How do I (as a developer) warn the people doing the deployment that they should execute an insert statement ?
We have a complete procedure for that, and a readme coming with each release, with scripts and so on...
First off, I have never used Visual Studio Database Edition. You are blessed (or cursed) with whatever tools this utility gives you. Hopefully that includes a lot of flexibility.
I don't know that I'd make that big a difference between your type 1 and type 2 static data. Both are sets of data that are defined once and then never updated, barring subsequent releases and updates, right? In which case the main difference is in how or why the data is as it is, and not so much in how it is stored or initialized. (Unless the data is environment-specific, as in "A" for development, "B" for Production. This would be "type 4" data, and I shall cheerfully ignore it in this post, because I've solved it useing SQLCMD variables and they give me a headache.)

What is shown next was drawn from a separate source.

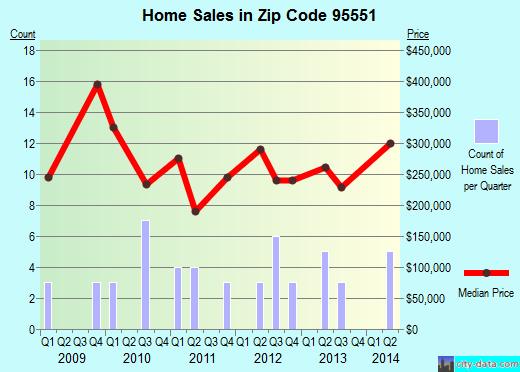 Zip code 95551 (, California) real estate house value trends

First, I would make a script to create all the tables in the database--preferably only one script, otherwise you can have a LOT of scripts lying about (and find-and-replace when renaming columns becomes very awkward). Then, I would make a script to populate the static data in these tables. This script could be appended to the end of the table script, or made it's own script, or even made one script per table, a good idea if you have hundreds or thousands of rows to load. (Some folks make a csv file and then issue a BULK INSERT on it, but I'd avoid that is it just gives you two files and a complex process [configuring drive mappings on deployment] to manage.)
The key thing to remember is that data (as stored in databases) can and will change over time. Rarely (if ever!) will you have the luxury of deleting your Production database and replacing it with a fresh, shiny, new one devoid of all that crufty data from the past umpteen years. Databases are all about changes over time, and that's where scripts come into their own. You start with the scripts to create the database, and then over time you add scripts that modify the database as changes come along -- and this applies to your static data (of any type) as well.
(Ultimately, my methodology is analogous to accounting: you have accounts, and as changes come in you adjust the accounts with journal entries. If you find you made a mistake, you never go back and modify your entries, you just make a subsequent entries to reverse and fix them. It's only an analogy, but the logic is sound.)
The solution I use is to have create and change scripts in source control, coupled with version information stored in the database.
Then, I have an install wizard that can detect whether it needs to create or update the db - the update process is managed by picking appropriate scripts based on the stored version information in the database.
See this thread's answer. Static data from your first two points should be in source control, IMHO.
Edit: *new
all-in-one or a separate script? it does not really matter as long as you (dev team) agree with your deployment team. I prefer to separate files, but I still can always create all-in-one.sql from those in the proper order [Logins, Roles, Users; Tables; Views; Stored Procedures; UDFs; Static Data; (Audit Tables, Audit Triggers)]
how do you make sure they execute it: well, make it another step in your application/database deployment documentation. If you roll out application which really needs specific (new) static data in the database, then you might want to perform a DB version check in your application. and you update the DB_VERSION to your new release number as part of that script. Then your application on a start-up should check it and report an error if the new DB version is required.
dev and non-dev static data: I have never seen this case actually. More often there is real static data, which you might call "dev", which is major configuration, ISO static data etc. The other type is default lookup data, which is there for users to start with, but they might add more. The mechanism to INSERT these data might be different, because you need to ensure you do not destoy (power-)user-created data.